近代の文芸傾向の特徴は、具体的で詳細で合理的説明・科学的説明を好む写実主義と呼ばれるものです。出来る限りご都合主義を廃し、物語をリアルに現実に近づけ、物語の虚構を取り除こうという考え方です。
その到達点は、物語を現代や歴史、あるいは、空想が許される遙か未来の物語です。かくて、近代の文芸では、(剣と魔法という意味での)ファンタジーは廃れ、現代物や歴史物、SFがはやることになりました。
それは、物語に対するある意味真摯な態度ではあります。
しかし、同時に物語を虚構、幼稚と決めつける、物語に対する不信があるのです。
それに対する対極は、抽象的で、合理的な説明を放棄しもっぱら情緒的な納得に訴える(かと言って、変に詩的というわけではありません。それはまた別の文芸です)文芸です。
そして、それをもっとも体現した物語こそ、(剣と魔法という意味ではない)ファンタジーなのです。
これは、文学の世界では、文芸様式としてのファンタジーと呼ばれるものなのです(※)。
もちろん、物語に対する(読者作者共に)安易な逃避という批判もあり得るでしょう。読者は面倒な世界設定などの詰めから逃避し、読者も、根気を持って世界設定の解読につき合うことから逃避しています。
そして確かに、ファンタジーを「逃避の物語」と批判する向きもあります。所詮、ファンタジーは現実に根を持っていない夢物語なのです。
しかし、そこで論者が常に忘れてはいけないことが、ファンタジーが抽象的な文芸であるということなのです。
抽象的とは、象徴的であると言うことも意味します(もちろん、常にイコールというわけではありません)。象徴的であれば、錬金術を見れば明らかなように、たった一つの物事・出来事・物体に、幾千もの意味を込めることも可能なのです。例えば、夢物語のような物語の背後に、大いなる皮肉があるとすれば…それは、もはや「逃避の物語」と呼ぶことは出来ないはずです。これが、ファンタジーの可能性というものなのです。
そして、読めば勝手に読者の空想は広がり、物語を自律的に楽しみます。心理学者河合隼雄が「良くできたファンタジーは自律的に動き出す」と言う由縁です。

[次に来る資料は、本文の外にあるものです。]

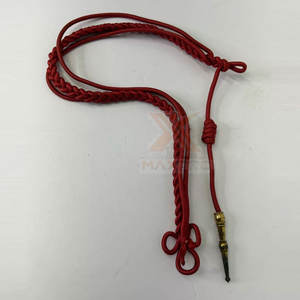 อิกัวทิลเลตต์น้ำหนักเบาดีไซน์ล่าสุดมีในสต็อก - Product Image 2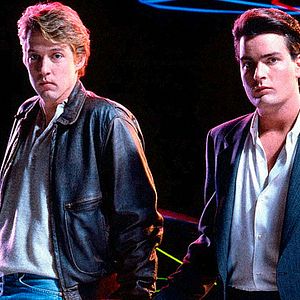 Bilder No Man's Land - Tatort 911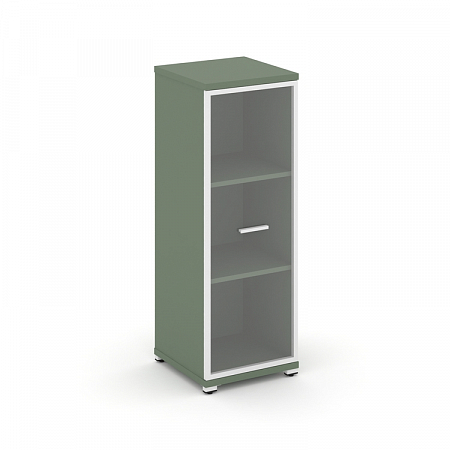 Шкаф офисный Concept CN.STU-316 RPW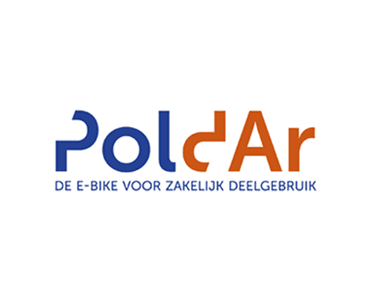 PoldAr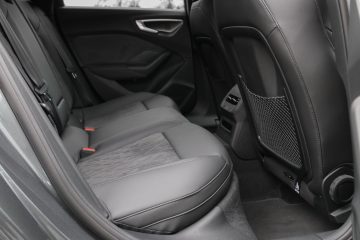 Audi A5 (11)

そこには、押しつけではない、真の知的遊戯があるのです。
自律的に考えた結果、もし、そこに皮肉を感じることが出来なければ、その人にとってその物語は楽しい物語として解釈すべき物なのでしょう。ただ、それだけなのです。別に、そこに皮肉を感じることが出来ればよいと言うわけではありません。逆に、そこに皮肉を感じてしまった人は、裏切りの人生を送ってきたのでしょう。それはある意味不幸な人生です。物語から何を受け取るかなんて、所詮、読者の責任なのです。作者が責任を負う必要はありませんし、他の読者が訂正するものでもありません(精々、他の可能性を指摘するだけです)。
※ 大修館書店『ファンタジー文学入門』ブライアント・アトベリー著、谷本誠剛+菱田信彦訳18頁は、ファンタジーを以下のように定義しています。 一、ファンタジーの作品には、決まって型どおりの登場人物が登場し、魔法使い、ドラゴン、魔法の剣と行った、これも型どおりの道具だてが見られる。逃避的な大衆文学の一つであるファンタジーでは、このような要素が組み合わされて、話の結末がいつも予想通りになる物語の筋道が組み立てられる。その結末は、決まって数の少ない善なるものが、圧倒する数の悪に打ち勝つことになっている。一は、剣と魔法のファンタジーという意味で用いられますし、二は、私が様式としてのファンタジーとして定義するものを意味します。『ONE』は、二の意味のファンタジーであり、しかも、従来のファンタジーよりもより積極的に民話などの口承文芸を取り込んでいるところに最大の特徴があるわけです。
二、ファンタジーは、おそらく二十世紀後半の主要なフィクションの様式(モード)といえよう。その物語構造は、決して単純ではなく、文体の遊技性や、自己言及性、既製の価値観や思考の逆転などがめだった特徴として見られる。また象徴体系や意味の非決定性などの、現代的な観念を取り組むのも特徴的である。その一方で、ファンタジーは、叙事詩や民話、ロマンス、神話など、過去の非写実的な口承文芸の持つ活力と自由さを自在に取り入れている。